(1981)
tw: body image, self-harm
It’s a week later, in which I have been for a second bike ride, hopefully easing myself back into exercising habits so that, one day, eventually, I can return my body to the point where it doesn’t make me feel sick to see it naked. Even the pale, ruddy, complexion of my scalp is repulsive to me. I put off shaving, I put off cutting my nails, I put off trimming my pubes, plucking my nipple hairs, exercising, drinking only spirits, y’know, healthier things, things I need to do.
Nothing happens, nothing changes, still, lockdown here restarts and I’ll just do as I have done the previous few lockdowns and what is approaching the previous few years and do nothing nothing nothing except read books and work and sometimes scrawl these fucking messages to myself on my phone while waiting for my increasingly more threadbare clothes to wash themselves in this grimey launderette opposite a food bank.
This third book in the series, and the one with by far the shortest title, is much more – at least, within my limited knowledge – trad sci-fi than the first two.
This one is about Sirius, the other major empire that is allied with Canopus, and they also do weird genetic sociological experiments on Rohanda/Shikasta/Earth.

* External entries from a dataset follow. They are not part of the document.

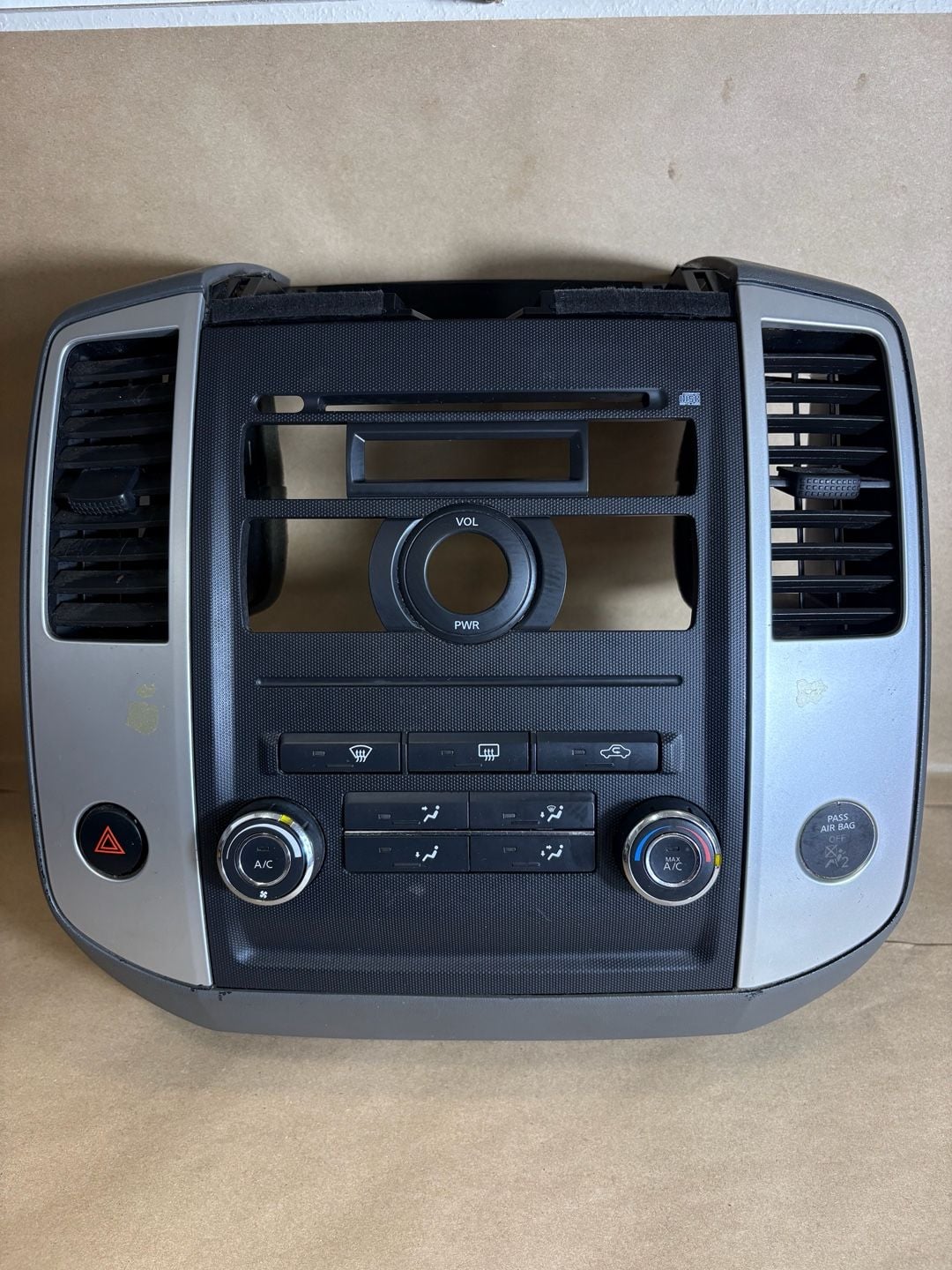 2009-2012 Nissan Frontier Xterra Center Dash Bezel HVAC Control Panel OEM 1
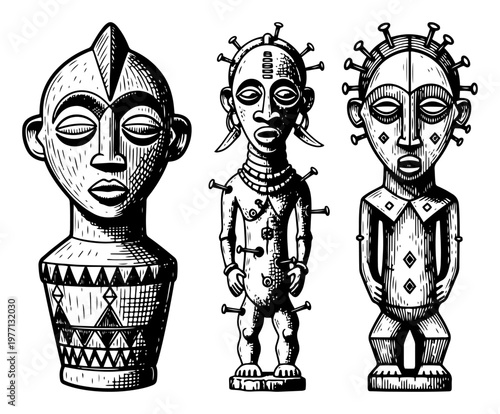 Horseshoe magnet attracting a metal paperclip with a heart symbol showing attraction line art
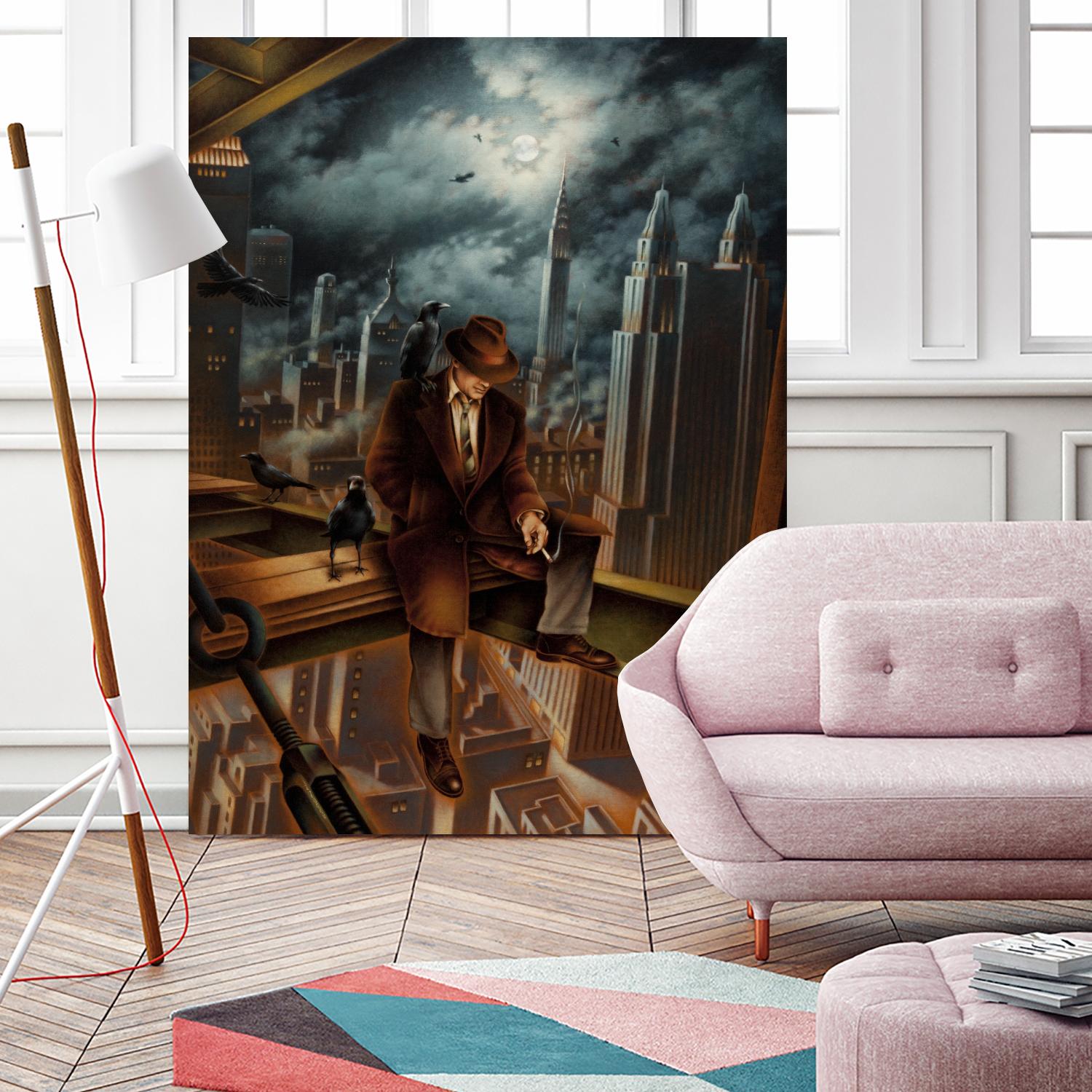 Dr. Orpheus by Alain Cardinal on GIANT ART - rust figurative poutre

This time, the narrative is more linear, telling the chronological (though still across hundreds of thousands of years) relationship Ambien II (one of The Five, Sirius’ ruling quintumverate) has with the Canopean Empire and with Rohanda (our planet innit), a major point of contention between them both.
As Shikasta showed, Canopus is an empire that has transcended physical death, and also established galactic telepathic communication, or something like that. There are not omnipresent, but they seem to outsiders to be near-omniscent.
Shammat, the corrupting aliens living on Earth and the reason why we’re all so mad, bad and dangerous to know, are accelerating their destruction of the planet, and even tho this causes masses of death and suffering, Canopus seems content to let Earth play out without much (tho obvs with some) interference. In this volume of the series, the representative from Sirius helps too, also dropping her consciousness into that of earthlings/Rohandans and preventing some mass atrocities, tho obvs not all of them.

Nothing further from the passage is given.